DETAILED DESCRIPTION OF THE PREFERRED EMBODIMENTS

[0030] Referring to FIG. 1 for a three-dimensional view of a portable power supply device in accordance with the present invention, the portable power supply device comprises a Zinc-Air battery module 2 and a power transmission interface 3. The Zinc-Air battery module 2 can be disposed to a plastic member 1 composed of an under cover 12 and a top cover 11. It should be noted that the plastic member is made of a flexible material (not shown in the figure). Since the electronic transmission interface 3 is coupled to at least one pair of conductors (not shown in FIG. 1) of the Zinc-Air battery module 2, the Zinc-Air battery module 2 can charge power for the portable electronic apparatus in emergency when power of the battery of the portable electronic apparatus is exhausted or is going to be exhausted.

[0031] Referring to FIG. 2 and FIG. 3, the Zinc-Air battery module 2 comprises at least one battery unit 21 according to voltage to be outputted. The Zinc-Air battery module 2 and the battery unit 21 can be simultaneously made of at least one flexible material (not shown in the figure) through integrated molding. In the embodiment, the Zinc-Air battery module 2 is composed of two battery units 21 arranged in horizontal arrangement. Each battery unit 21 comprises an air cathode 22, a separator 23, a mounting bracket 24, an anode electric current collector 25 and zinc gel 26. The air cathode 22 and the zinc anode can be connected with two pairs of conductors 27, 28 of the Zinc-Air battery module 2. The air cathode 22 is preferably prepared by carbon powder, a cathode electric current collector, PTFE (polytetrafluoroethylene) binder, and catalyst (not shown in the figure). The zinc anode can be composed of zinc gel 26 and the anode electric current collector 25, and zinc gel 26 includes zinc powder and electrolyte. The separator 23 can be formed by PP, PE or other polymer membrane and adjoined to the air cathode 22. The mounting bracket 24 is provided for fastening the separator 23 and the air cathode 22.

[0032] While assembling the battery unit 21, the air cathode 22 is disposed to the cover, such as inside the top cover 11, for forming as the cathode.

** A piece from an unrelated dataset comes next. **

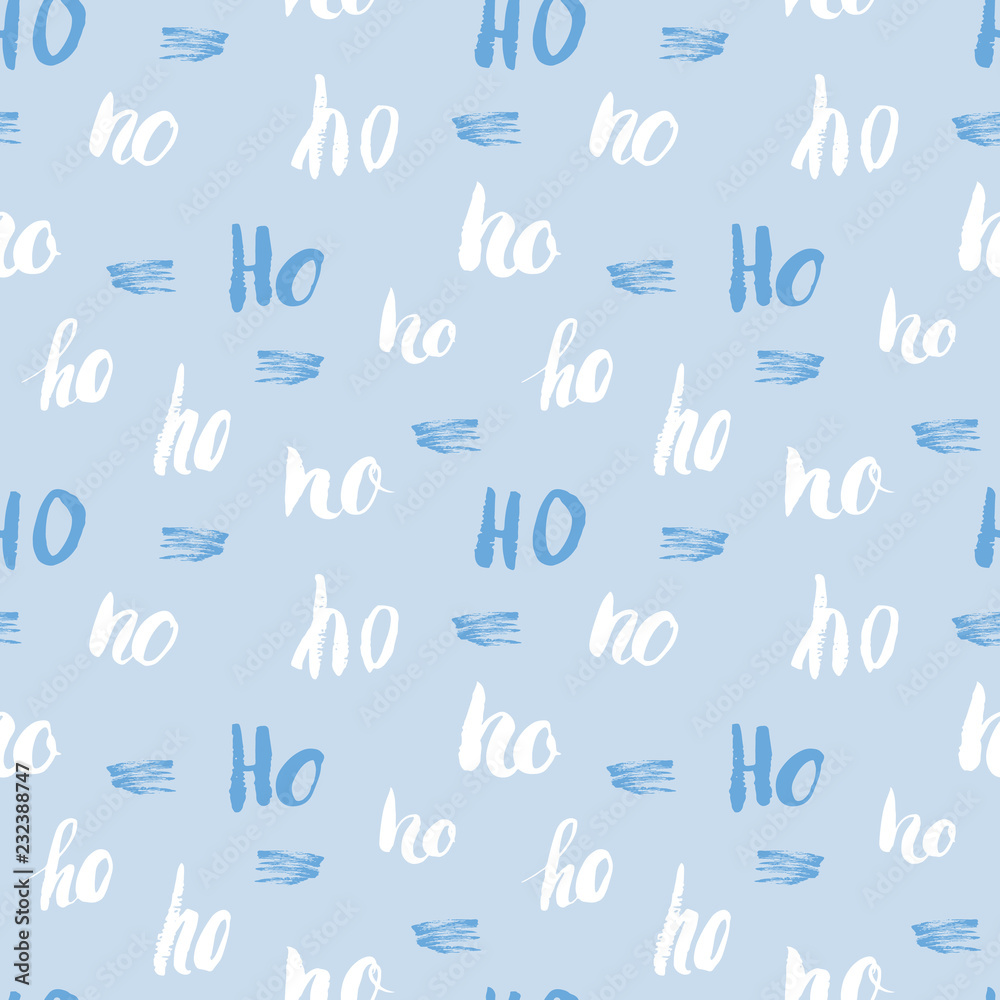 New Year and Christmas seamless pattern, with Ho Ho Ho hand drawn letters, retro, vintage Seamless Pattern. Background Vector Illustration.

The top cover 11 has plurality of air vents 13 that helps air to enter the plastic member 1 and to react with the air cathode 22. A tenon 221 extended by the air cathode 22 is connected with a tenon trough 14 formed on inboard wall of the top cover 11 for positioning. The inboard walls of this top cover 11 has a partition tenon 15 for separating adjacent battery units 21 and forming at least one chamber 16 respectively, thereby accommodating and positioning each air cathode 22 and the separator 23.

[0033] The separator 23 is used to prevent the air cathode 22 from contacting the zinc gel 26 to result in short circuit. As the mentioned-above, the separator 23 can be made of PP, PE or other polymer membrane, and has subtle apertures so that the electrolyte of zinc gel 26 can infiltrate into the air cathode 22 through the subtle aperture (not shown in the figure) of the separator 23.

[0034] The size and shaping of the mounting bracket 24 is equal to the chamber 16, so that the mounting bracket 24 can be inlaid into the chamber 16, and applied for pressing the separator 23 and the air cathode 22. As shown in the figure, the trough 241 is formed to a side of the mounting bracket 24 and used to position the anode electric current collector 25.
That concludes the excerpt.